Your reply should consist only of the lines from the one holding "Enfocus woman green and black dress plus 20W" to the last line of the data below, written out exactly and without pictures.

### Information provided
....

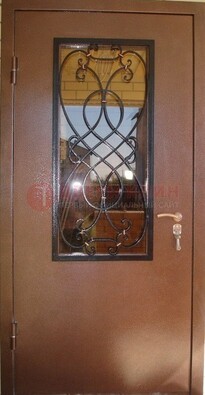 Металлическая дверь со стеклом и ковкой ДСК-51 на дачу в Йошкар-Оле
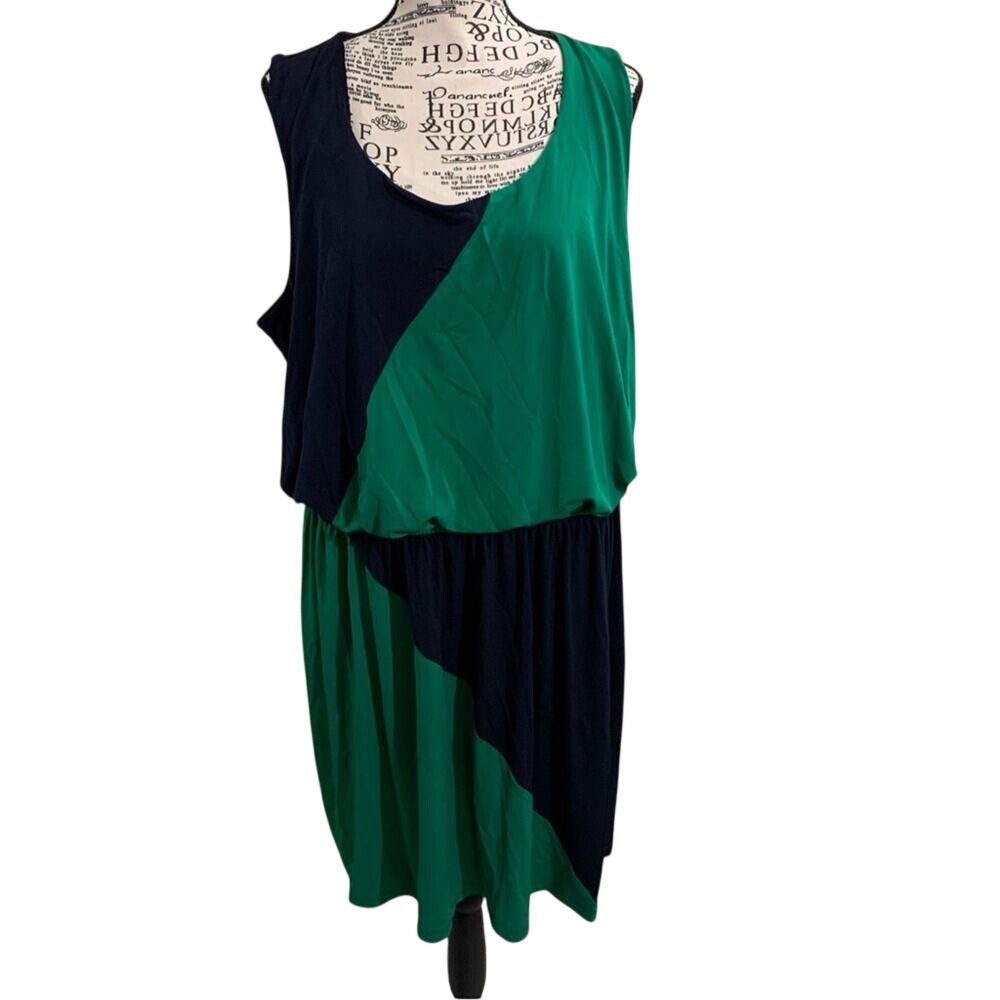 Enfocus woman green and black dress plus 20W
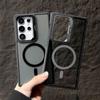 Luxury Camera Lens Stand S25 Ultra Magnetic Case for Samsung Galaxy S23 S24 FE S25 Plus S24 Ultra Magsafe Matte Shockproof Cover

....

### Solution to this problem
 Enfocus woman green and black dress plus 20W
 Luxury Camera Lens Stand S25 Ultra Magnetic Case for Samsung Galaxy S23 S24 FE S25 Plus S24 Ultra Magsafe Matte Shockproof Cover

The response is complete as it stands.